Task input:

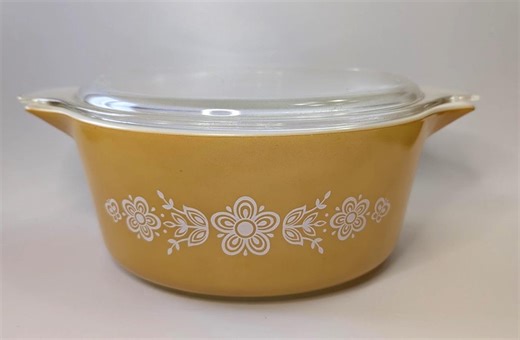 Vintage - Pyrex - Dish - "butterfly Gold" Pattern - With Lid - 2.5L - USA - Ovenware - Etsy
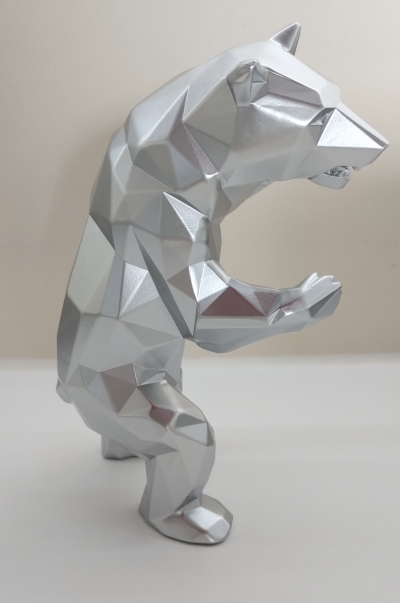 Richard Orlinski -Standing Bear, 2025 - sculpture 2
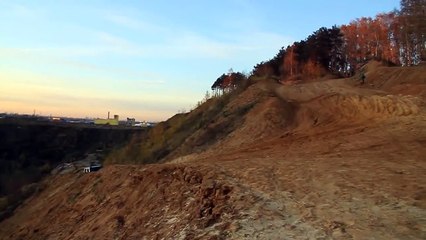 Un russe ne maitrise pas son saut en VTT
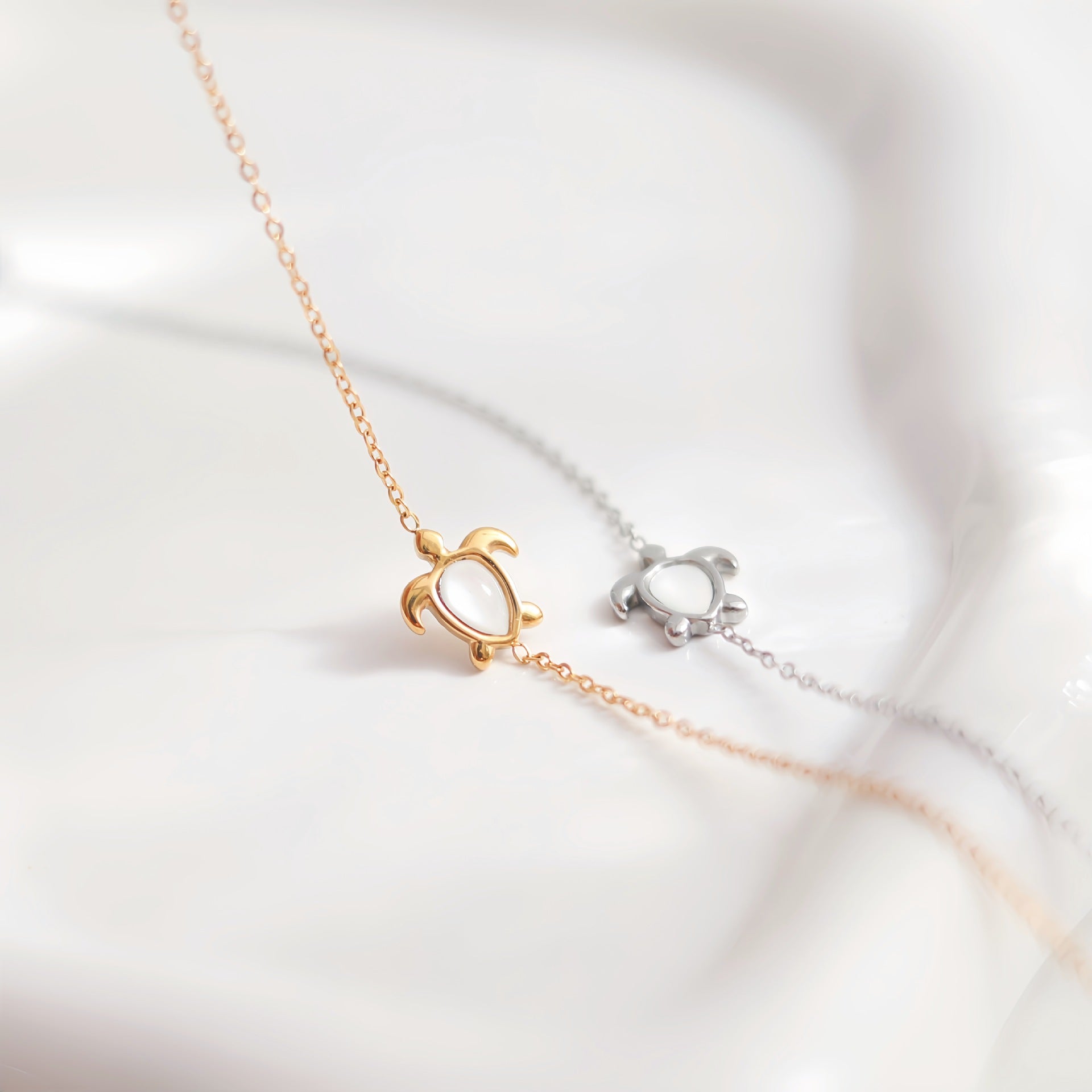 Sweet Tortoise Pendant Necklace For Women In Real Gold Plated Titanium Steel With Shell Pendant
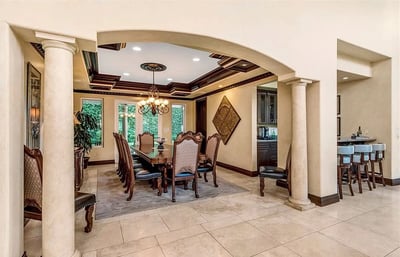 Luxury Villa Photo #17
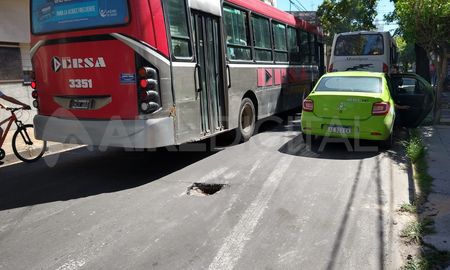 El socavón está a pocos metros de la esquina de 9 de Julio y Crespo, donde hay una parada de colectivos.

Task requirements:
Pick up at the line that holds "Richard Orlinski -Standing" and restate each line, word for word, through the last line of the entries. Include both end lines but none of the pictures.

Answer for this exercise:
 Richard Orlinski -Standing Bear, 2025 - sculpture 2
 Un russe ne maitrise pas son saut en VTT
 Sweet Tortoise Pendant Necklace For Women In Real Gold Plated Titanium Steel With Shell Pendant
 Luxury Villa Photo #17
 El socavón está a pocos metros de la esquina de 9 de Julio y Crespo, donde hay una parada de colectivos.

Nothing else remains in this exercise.